While 87.8% of adults in the United States report having a usual place of healthcare, that number drops to 79.8% among those living in poverty (National Center for Health Statistics [
NCHS], 2019). Of U.S. adults, only 65.3% report having a dental cleaning or examination in the last 12 months; in rural areas, 57.1% of the adult population report dental cleaning, compared with 66.6% of adults in large urban areas ( NCHS, 2019). In 2019, 8.3% of adults report not receiving needed medical care due to cost; among adults living with a disability, that number increases to 14.8% ( NCHS, 2019). Access to healthcare, including dental care, public health services, and mental and behavioral health services, is not equally distributed across the population. Differences in access to healthcare among populations are often related to social determinants of health and structural barriers such as employment, income, education and literacy levels, available services, location and transportation, race, ethnicity, gender, and age (Dickman et al., 2017).

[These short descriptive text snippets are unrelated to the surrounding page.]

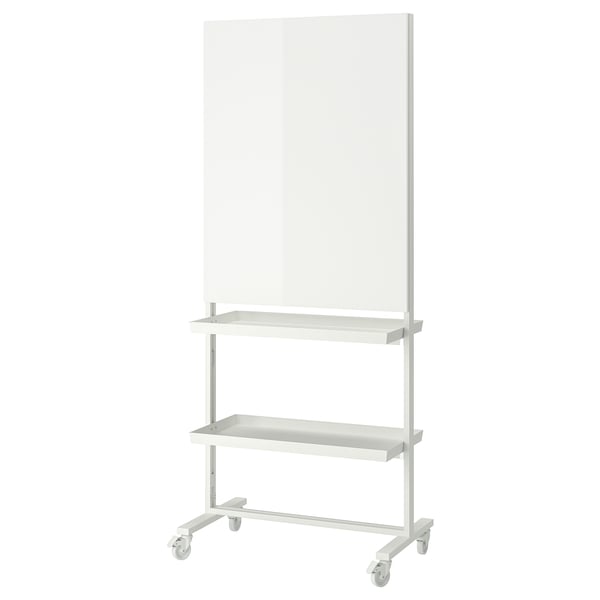 MITTZON frm w cstrs/whtbrd/disp shlf/cbl bx, white, 85x205 cm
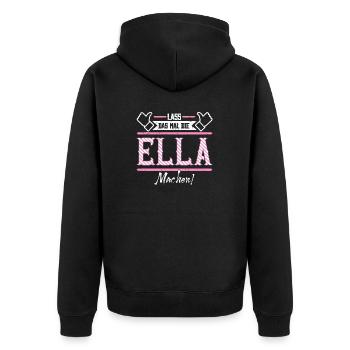 Ella Geschenkidee Geschenk Geburtstag - Unisex Premium Bio Zip Hoodie - Schwarz - Hinten - Nico (187cm)
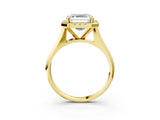 Yellow gold Asscher Cut Halo Solitaire Engagement Ring with Square Band and Four-Prong Setting_69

Acute care hospitals and ambulatory health care facilities employ more social workers than other settings including individual and family services, schools, and state and local government agencies. The number of practicing health care professionals continues to rise and health care is now the largest employer in the United States. Acute care hospitals often include medical and surgical units, and patients need services that are required to be supervised by licensed medical personnel. Ambulatory settings provide diagnosis, treatment, and care that is not inpatient, and the treatment and care do not require the specialized services. This chapter identifies dialysis social work in nephrology settings as ambulatory care. It provides case exemplars to highlight acute and ambulatory care social work and the processes that are involved in assessment, intervention, and treatment. The chapter explicates areas of strength and concern in the present state of acute and ambulatory care social work practice delivery.